Description of the task
Give the data back exactly. Leave out any images.

Dataset section
= = =

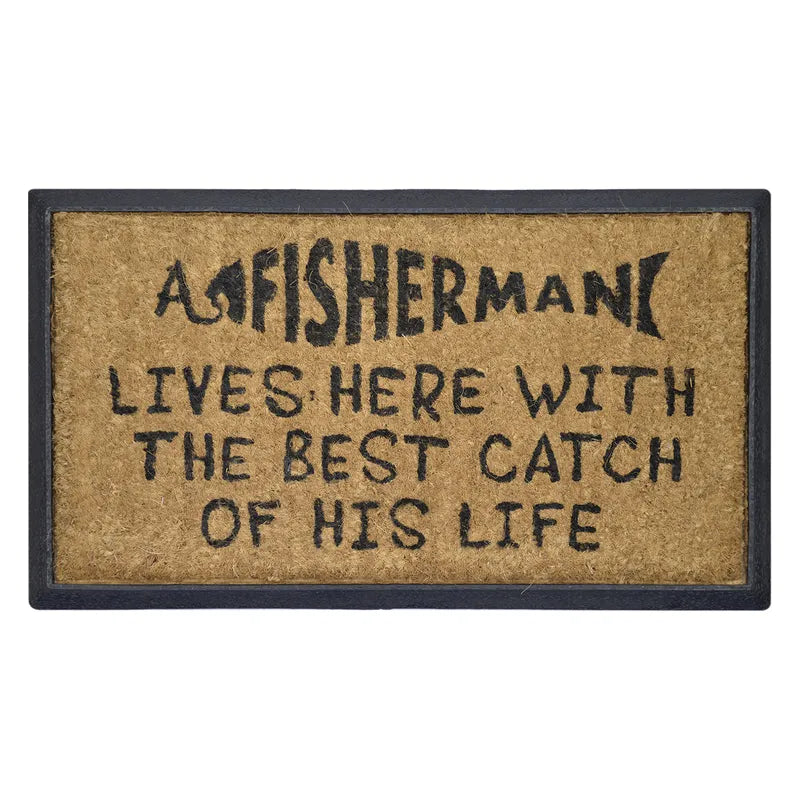 Catch Of His Life Doormat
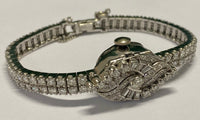 HAMILTON Vintage 1930's Platinum w/ Diamonds Beautiful Watch - $20K APR w/ COA!! APR57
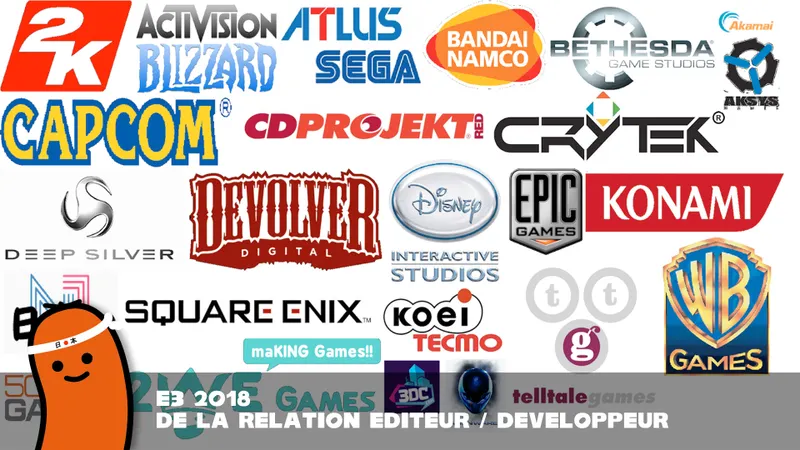 Les principaux studios de jeux vidéo au niveau mondial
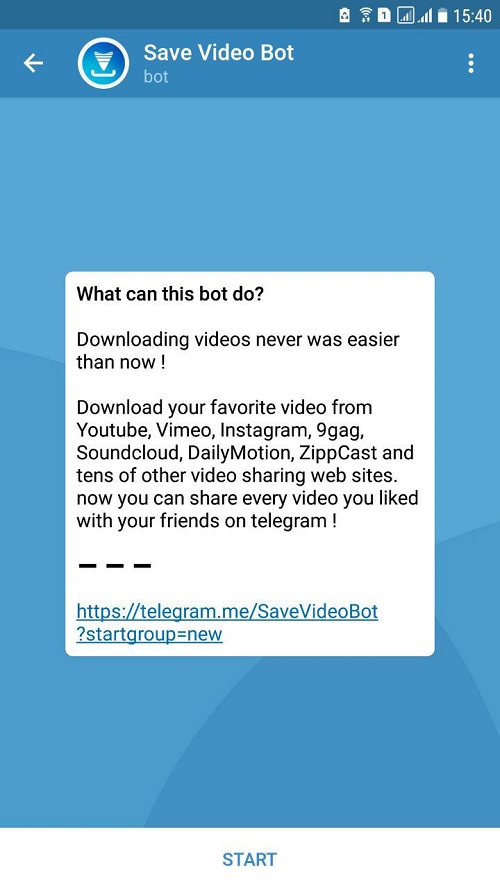 SaveVideoBot جدید ترین ربات دانلود از یوتوب در تلگرام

= = =

Answer to the exercise
 Catch Of His Life Doormat
 HAMILTON Vintage 1930's Platinum w/ Diamonds Beautiful Watch - $20K APR w/ COA!! APR57
 Les principaux studios de jeux vidéo au niveau mondial
 SaveVideoBot جدید ترین ربات دانلود از یوتوب در تلگرام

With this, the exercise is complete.